A key component of the Lightning’s championship teams was how tight knit they were, how they battled for each other through deep playoff runs, how they came to each other’s aid and put their bodies on the line when it mattered most.

Geekie is new to the organization, arriving this summer from Utah in the Mikhail Sergachev trade, but he showed Wednesday that he’s already learned that part of being a Bolt.

In the second period, he watched the league’s reigning scoring champion, right wing Nikita Kucherov, drag down Panthers prospect Josh Davies after Davies dropped Lightning captain Victor Hedman with a hard open-ice hit.

Kucherov received a roughing penalty, and Florida capitalized with Zac Dalpe’s power-play goal to give the Panthers a 1-0 lead. But when Anthony Cirelli’s second line was called to go on the ice roughly 2 ½ minutes later, Geekie, who was centering the Lightning’s fourth line, jumped over the boards instead to settle some unfinished business with Davies.

“I looked back and his leg was over the boards, kind of assumed what he was going to do,” said second-line left wing Brandon Hagel. “So I just let him have it.”

Geekie found Davies, cross checked him and then dropped his gloves, landing five hard right-handed punches before taking Davies to the ground, a short-lived fight that woke up the Amalie Arena crowd and charged the Lightning bench.

“It’s one of those things, it doesn’t matter if it’s Heddy or whoever it is,” Geekie said. “I think anyone gets hit like that, someone’s got to step up. And I figured that I could be that guy. It worked out, but anyone could do it. I’m sure a lot of guys were thinking the same thing as me.”

“Whether it’s training camp or not, everyone’s got each other’s backs,” Geekie added. “And I think that’s why they’ve been so successful. I think I was just kind of playing in the moment. And I wasn’t letting get him in the way.”

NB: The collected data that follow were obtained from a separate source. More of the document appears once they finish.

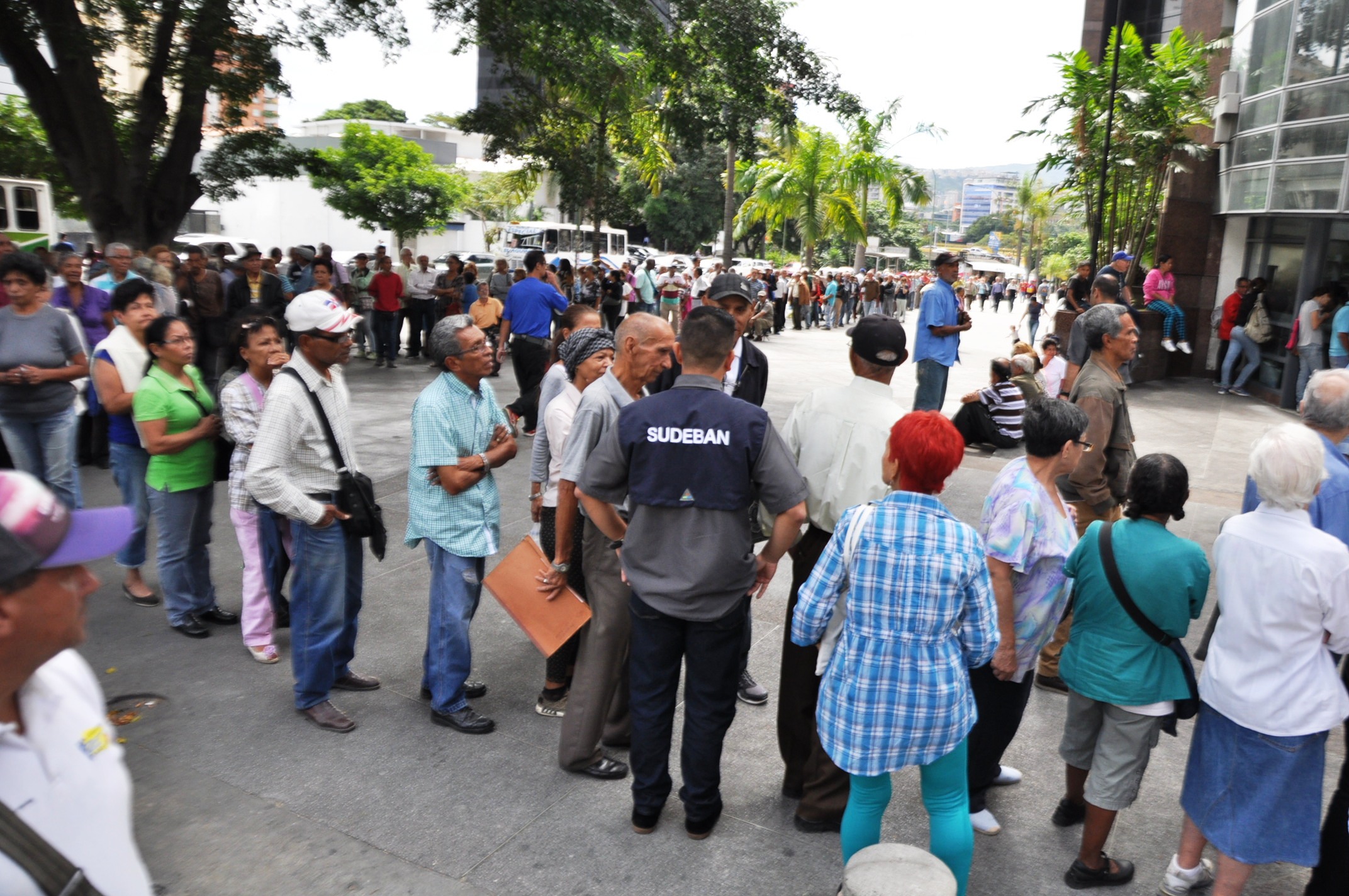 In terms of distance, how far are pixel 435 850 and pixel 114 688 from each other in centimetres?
218

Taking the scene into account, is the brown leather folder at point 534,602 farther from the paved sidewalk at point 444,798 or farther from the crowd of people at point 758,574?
the paved sidewalk at point 444,798

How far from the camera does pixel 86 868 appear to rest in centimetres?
138

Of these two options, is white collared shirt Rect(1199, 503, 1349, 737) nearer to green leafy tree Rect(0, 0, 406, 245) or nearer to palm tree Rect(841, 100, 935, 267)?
green leafy tree Rect(0, 0, 406, 245)

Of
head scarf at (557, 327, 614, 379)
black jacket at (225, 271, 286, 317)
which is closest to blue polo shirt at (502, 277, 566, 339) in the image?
black jacket at (225, 271, 286, 317)

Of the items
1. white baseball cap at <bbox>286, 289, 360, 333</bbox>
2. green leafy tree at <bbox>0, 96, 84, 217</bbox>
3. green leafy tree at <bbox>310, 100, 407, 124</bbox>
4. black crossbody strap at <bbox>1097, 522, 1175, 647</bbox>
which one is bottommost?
black crossbody strap at <bbox>1097, 522, 1175, 647</bbox>

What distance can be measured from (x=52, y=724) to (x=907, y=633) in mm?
2118

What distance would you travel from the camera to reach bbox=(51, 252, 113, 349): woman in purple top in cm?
873

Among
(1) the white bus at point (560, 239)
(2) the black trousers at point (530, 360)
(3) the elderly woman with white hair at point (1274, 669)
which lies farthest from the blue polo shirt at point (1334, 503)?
(1) the white bus at point (560, 239)

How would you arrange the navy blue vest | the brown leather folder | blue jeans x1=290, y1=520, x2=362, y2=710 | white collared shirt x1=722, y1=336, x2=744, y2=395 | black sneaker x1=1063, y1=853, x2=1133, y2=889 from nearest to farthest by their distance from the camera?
the navy blue vest → black sneaker x1=1063, y1=853, x2=1133, y2=889 → the brown leather folder → blue jeans x1=290, y1=520, x2=362, y2=710 → white collared shirt x1=722, y1=336, x2=744, y2=395

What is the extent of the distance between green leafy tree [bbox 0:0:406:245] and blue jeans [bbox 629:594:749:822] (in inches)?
433

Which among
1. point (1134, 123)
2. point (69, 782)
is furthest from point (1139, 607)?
point (1134, 123)

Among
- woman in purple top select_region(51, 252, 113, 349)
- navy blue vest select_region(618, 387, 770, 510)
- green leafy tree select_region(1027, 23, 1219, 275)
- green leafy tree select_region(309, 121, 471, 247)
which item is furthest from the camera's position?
green leafy tree select_region(309, 121, 471, 247)

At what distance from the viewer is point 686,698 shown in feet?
11.6

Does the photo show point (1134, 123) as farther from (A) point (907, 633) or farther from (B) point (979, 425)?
(A) point (907, 633) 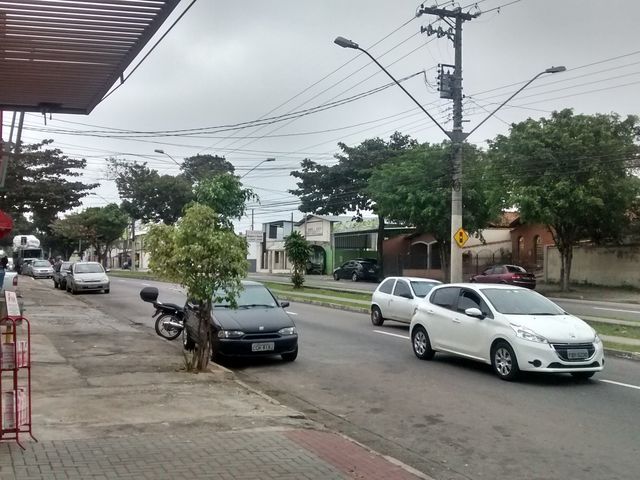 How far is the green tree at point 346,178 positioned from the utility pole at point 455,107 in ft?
93.8

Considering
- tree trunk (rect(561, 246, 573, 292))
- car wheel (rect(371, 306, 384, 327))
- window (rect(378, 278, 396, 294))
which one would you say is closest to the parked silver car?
tree trunk (rect(561, 246, 573, 292))

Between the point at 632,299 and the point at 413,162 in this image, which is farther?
the point at 413,162

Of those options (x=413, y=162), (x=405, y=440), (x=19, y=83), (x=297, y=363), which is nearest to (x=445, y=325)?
(x=297, y=363)

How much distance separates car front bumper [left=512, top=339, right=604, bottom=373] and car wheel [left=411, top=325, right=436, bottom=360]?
8.38 feet

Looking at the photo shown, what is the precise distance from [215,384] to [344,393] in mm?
1844

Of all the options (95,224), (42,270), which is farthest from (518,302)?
(95,224)

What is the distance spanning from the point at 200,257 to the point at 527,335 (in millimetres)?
4998

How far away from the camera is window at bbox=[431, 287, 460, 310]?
39.8 feet

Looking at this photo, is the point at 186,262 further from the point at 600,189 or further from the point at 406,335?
the point at 600,189

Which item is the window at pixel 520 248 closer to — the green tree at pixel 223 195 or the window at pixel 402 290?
the window at pixel 402 290

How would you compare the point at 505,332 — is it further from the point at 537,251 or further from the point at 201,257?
the point at 537,251

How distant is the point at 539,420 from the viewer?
8.13 metres

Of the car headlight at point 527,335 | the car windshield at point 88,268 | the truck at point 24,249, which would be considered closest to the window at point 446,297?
the car headlight at point 527,335

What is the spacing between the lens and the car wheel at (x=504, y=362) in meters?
10.3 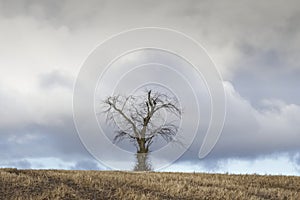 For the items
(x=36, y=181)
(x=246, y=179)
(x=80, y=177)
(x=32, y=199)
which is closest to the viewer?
(x=32, y=199)

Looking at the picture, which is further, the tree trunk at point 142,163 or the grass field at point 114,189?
the tree trunk at point 142,163

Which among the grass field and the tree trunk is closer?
the grass field

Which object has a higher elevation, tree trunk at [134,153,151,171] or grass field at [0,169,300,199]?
tree trunk at [134,153,151,171]

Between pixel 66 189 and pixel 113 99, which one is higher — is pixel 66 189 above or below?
below

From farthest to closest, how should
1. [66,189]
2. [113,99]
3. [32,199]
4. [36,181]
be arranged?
[113,99]
[36,181]
[66,189]
[32,199]

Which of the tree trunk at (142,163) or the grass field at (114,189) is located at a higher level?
the tree trunk at (142,163)

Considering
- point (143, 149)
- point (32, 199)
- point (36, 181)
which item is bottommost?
point (32, 199)

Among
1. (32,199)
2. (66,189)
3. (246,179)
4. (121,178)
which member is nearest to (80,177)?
(121,178)

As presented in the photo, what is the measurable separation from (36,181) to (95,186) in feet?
7.62

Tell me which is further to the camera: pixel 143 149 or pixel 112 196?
pixel 143 149

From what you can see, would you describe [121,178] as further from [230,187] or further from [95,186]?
[230,187]

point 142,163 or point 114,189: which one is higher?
point 142,163

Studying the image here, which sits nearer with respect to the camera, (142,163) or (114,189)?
(114,189)

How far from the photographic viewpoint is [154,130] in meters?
34.9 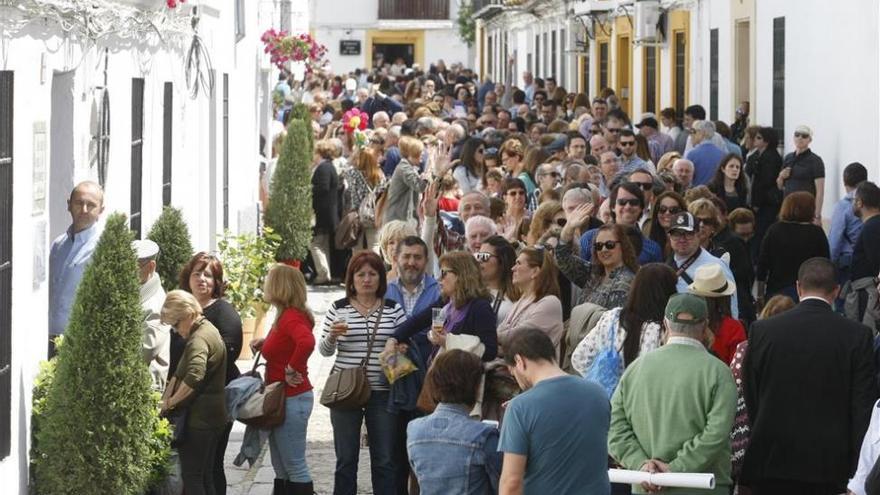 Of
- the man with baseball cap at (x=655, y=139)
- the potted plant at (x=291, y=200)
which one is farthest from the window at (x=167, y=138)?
the man with baseball cap at (x=655, y=139)

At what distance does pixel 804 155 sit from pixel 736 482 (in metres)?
8.92

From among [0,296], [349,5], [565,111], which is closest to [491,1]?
[349,5]

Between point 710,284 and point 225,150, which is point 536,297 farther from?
point 225,150

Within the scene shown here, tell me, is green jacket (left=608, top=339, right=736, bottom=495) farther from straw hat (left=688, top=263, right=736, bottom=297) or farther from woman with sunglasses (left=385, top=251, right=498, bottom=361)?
woman with sunglasses (left=385, top=251, right=498, bottom=361)

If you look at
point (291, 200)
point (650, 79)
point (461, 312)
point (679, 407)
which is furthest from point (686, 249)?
point (650, 79)

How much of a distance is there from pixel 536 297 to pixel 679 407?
7.64 ft

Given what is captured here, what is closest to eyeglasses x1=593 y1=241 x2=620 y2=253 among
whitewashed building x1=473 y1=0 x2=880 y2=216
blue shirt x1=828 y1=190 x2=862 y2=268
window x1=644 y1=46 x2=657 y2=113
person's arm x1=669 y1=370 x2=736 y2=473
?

Geekie drew a two-minute cross-checking minor, a two-minute instigating minor, a five-minute fighting major and a 10-minute misconduct penalty, but his action made a huge impression on teammates.

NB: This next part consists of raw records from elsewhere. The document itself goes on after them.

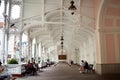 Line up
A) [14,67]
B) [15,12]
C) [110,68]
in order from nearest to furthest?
[14,67]
[110,68]
[15,12]

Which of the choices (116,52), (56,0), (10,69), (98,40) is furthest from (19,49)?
(116,52)

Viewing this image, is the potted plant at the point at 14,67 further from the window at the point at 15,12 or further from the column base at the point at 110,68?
the column base at the point at 110,68

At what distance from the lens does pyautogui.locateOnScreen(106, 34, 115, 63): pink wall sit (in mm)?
14648

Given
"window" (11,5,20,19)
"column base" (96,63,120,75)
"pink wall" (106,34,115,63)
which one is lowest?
"column base" (96,63,120,75)

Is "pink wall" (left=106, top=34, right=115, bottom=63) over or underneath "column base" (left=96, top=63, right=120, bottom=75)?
over

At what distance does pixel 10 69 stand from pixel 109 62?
7070mm

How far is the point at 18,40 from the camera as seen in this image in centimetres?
1539

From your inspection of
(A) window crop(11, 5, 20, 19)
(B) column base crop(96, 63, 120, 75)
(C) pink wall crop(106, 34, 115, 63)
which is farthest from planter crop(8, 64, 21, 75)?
(C) pink wall crop(106, 34, 115, 63)

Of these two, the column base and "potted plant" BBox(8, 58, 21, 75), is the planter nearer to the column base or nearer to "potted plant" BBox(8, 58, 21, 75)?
"potted plant" BBox(8, 58, 21, 75)

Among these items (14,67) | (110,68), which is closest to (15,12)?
(14,67)

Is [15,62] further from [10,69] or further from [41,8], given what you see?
[41,8]

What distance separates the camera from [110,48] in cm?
1480

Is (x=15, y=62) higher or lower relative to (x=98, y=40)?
lower

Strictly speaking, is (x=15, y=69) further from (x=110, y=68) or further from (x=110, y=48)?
(x=110, y=48) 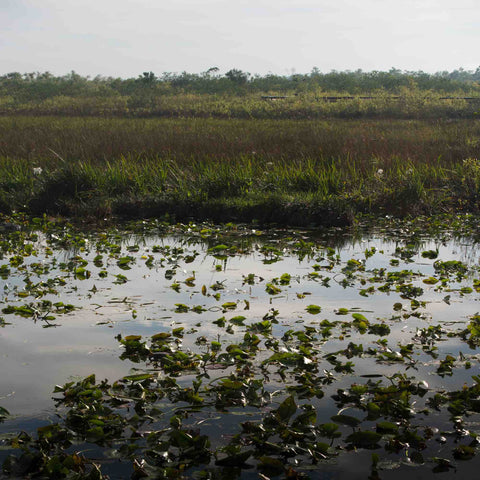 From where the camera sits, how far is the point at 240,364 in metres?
4.44

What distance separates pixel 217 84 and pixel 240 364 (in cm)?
3745

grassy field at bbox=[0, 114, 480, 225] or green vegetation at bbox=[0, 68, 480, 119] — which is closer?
grassy field at bbox=[0, 114, 480, 225]

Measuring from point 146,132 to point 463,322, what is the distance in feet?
48.3

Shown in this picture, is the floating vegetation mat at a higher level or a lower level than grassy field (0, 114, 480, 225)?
lower

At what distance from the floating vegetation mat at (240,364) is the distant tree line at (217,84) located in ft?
98.7

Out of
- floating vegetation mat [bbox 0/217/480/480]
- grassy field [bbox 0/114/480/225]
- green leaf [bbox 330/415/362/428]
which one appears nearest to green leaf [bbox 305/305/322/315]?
floating vegetation mat [bbox 0/217/480/480]

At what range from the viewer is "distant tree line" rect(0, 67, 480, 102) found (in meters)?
38.3

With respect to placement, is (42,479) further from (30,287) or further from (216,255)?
(216,255)

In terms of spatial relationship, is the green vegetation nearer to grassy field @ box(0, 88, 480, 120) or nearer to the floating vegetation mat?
grassy field @ box(0, 88, 480, 120)

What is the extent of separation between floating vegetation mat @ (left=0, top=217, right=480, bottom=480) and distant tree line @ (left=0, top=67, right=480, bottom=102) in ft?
98.7

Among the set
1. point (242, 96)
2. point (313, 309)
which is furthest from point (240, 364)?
point (242, 96)

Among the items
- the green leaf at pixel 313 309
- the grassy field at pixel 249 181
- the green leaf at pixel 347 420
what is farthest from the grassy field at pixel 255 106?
the green leaf at pixel 347 420

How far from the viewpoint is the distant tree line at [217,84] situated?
126 ft

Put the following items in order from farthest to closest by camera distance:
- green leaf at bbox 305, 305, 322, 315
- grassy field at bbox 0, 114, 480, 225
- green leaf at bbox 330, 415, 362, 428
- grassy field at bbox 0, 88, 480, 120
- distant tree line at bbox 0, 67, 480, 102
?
distant tree line at bbox 0, 67, 480, 102 → grassy field at bbox 0, 88, 480, 120 → grassy field at bbox 0, 114, 480, 225 → green leaf at bbox 305, 305, 322, 315 → green leaf at bbox 330, 415, 362, 428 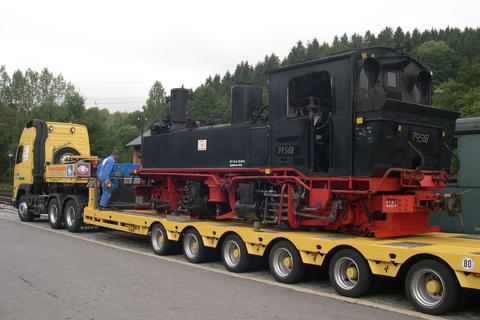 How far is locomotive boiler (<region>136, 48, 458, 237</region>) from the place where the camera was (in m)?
7.65

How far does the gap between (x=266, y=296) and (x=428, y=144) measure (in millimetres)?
3519

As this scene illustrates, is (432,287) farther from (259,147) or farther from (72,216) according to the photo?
(72,216)

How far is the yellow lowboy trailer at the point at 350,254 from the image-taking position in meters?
6.15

The Lightning have given Geekie his share of minutes this preseason, and the 20-year-old promised to do everything he could to force his way onto the regular-season roster. And he’s shown the skill and size that made the Lightning covet him so much that they were willing to trade away a piece of their future in Sergachev.

But the way Geekie jumped into an enforcer role Wednesday night might have been his biggest moment this preseason.

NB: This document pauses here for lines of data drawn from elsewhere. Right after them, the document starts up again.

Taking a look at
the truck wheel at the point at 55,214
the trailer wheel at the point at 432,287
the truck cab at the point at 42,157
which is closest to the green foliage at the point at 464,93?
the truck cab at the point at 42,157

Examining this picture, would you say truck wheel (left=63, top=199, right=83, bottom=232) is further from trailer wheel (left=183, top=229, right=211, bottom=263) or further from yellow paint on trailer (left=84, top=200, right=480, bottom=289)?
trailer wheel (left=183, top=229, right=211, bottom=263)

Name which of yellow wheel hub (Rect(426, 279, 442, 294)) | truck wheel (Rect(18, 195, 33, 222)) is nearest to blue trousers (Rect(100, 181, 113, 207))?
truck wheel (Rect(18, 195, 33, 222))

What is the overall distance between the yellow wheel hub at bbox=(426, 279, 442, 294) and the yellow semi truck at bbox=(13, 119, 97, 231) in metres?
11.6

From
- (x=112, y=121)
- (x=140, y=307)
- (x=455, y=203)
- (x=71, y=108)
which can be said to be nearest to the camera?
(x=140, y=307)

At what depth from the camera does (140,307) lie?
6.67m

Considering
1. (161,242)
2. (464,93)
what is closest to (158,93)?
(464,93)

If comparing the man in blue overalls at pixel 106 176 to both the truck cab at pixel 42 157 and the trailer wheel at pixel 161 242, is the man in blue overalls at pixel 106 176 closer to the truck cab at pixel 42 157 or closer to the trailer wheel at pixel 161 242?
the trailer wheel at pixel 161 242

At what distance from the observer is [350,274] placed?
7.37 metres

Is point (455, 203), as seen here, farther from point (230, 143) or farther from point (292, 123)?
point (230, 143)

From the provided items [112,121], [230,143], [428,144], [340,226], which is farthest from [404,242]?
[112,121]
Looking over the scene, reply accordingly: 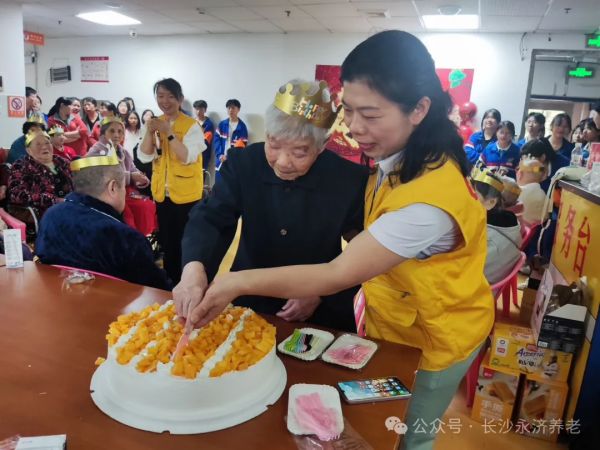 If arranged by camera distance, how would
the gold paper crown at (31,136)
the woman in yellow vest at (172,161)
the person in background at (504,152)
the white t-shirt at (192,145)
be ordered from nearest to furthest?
the woman in yellow vest at (172,161) → the white t-shirt at (192,145) → the gold paper crown at (31,136) → the person in background at (504,152)

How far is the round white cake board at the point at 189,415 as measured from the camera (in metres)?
0.86

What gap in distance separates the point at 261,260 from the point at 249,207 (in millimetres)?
176

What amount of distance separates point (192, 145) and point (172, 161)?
194mm

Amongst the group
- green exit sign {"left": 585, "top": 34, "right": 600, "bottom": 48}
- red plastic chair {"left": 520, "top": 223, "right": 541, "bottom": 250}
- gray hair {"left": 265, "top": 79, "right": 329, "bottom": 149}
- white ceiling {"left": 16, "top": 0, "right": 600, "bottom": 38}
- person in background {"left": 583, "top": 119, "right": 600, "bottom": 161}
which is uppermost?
white ceiling {"left": 16, "top": 0, "right": 600, "bottom": 38}

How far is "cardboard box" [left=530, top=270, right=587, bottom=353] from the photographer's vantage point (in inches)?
78.7

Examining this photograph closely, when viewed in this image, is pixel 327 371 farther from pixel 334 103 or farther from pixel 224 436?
pixel 334 103

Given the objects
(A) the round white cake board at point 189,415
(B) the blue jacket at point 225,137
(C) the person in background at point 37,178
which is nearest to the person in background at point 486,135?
(B) the blue jacket at point 225,137

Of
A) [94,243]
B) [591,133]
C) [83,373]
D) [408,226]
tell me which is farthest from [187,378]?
[591,133]

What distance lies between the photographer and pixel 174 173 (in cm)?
342

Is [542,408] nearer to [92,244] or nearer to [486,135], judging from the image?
[92,244]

“It just gains so much respect and just shows ... he has in him understanding the culture in this dressing room,” Hagel said. “And as a young guy, everyone has to make their mark in some way or another to get noticed. … Everyone had to go through it as young guys — gain your elders’ trust, I guess — but yeah, I think it’s an unbelievable job by him.”

The moment wasn’t lost on Lightning coach Jon Cooper.

“First of all, Geekie is new to the organization. So it’s not like he’s been around these guys a ton,” Cooper said. “He’s been working through training camp. But just to see that come out of him — again in a game that really in the big picture doesn’t mean anything in the standings — but it meant something to the guys, and it meant something to him. And that goes miles in the locker room.”